**WORK TASK**
With the line containing "McCormick Beef Stroganoff" as the start and the line containing "CD cover featuring" as the end, transcribe that span of the entries below exactly, including both.

**RECORDS FOR THIS TASK**
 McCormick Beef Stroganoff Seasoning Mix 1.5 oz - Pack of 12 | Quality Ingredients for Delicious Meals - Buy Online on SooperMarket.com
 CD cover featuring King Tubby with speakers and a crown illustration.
--
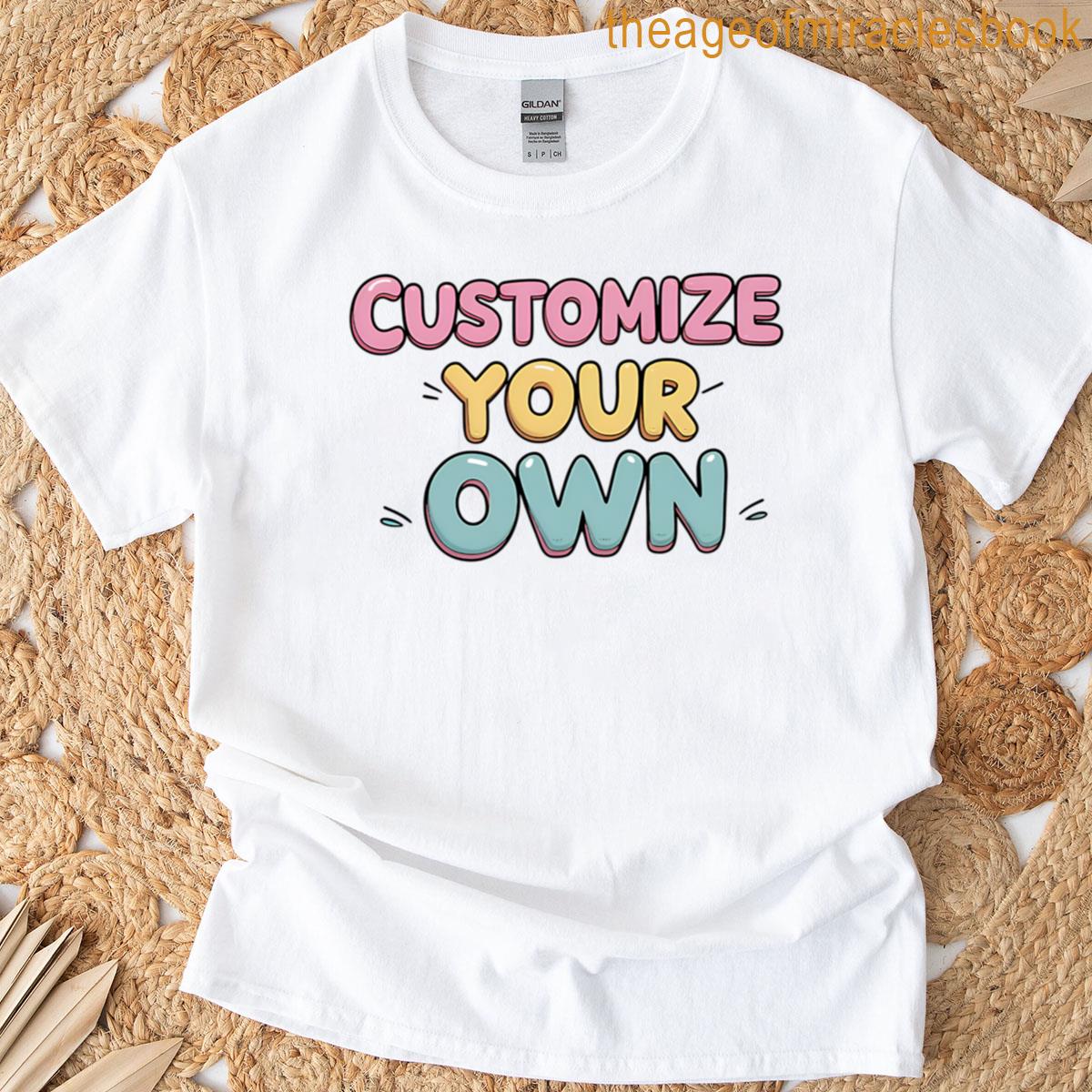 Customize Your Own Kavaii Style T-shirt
--
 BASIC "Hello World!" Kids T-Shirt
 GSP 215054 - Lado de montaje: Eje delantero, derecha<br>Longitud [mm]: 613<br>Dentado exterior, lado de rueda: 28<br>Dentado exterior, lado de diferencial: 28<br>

**RESPONSE**
 McCormick Beef Stroganoff Seasoning Mix 1.5 oz - Pack of 12 | Quality Ingredients for Delicious Meals - Buy Online on SooperMarket.com
 CD cover featuring King Tubby with speakers and a crown illustration.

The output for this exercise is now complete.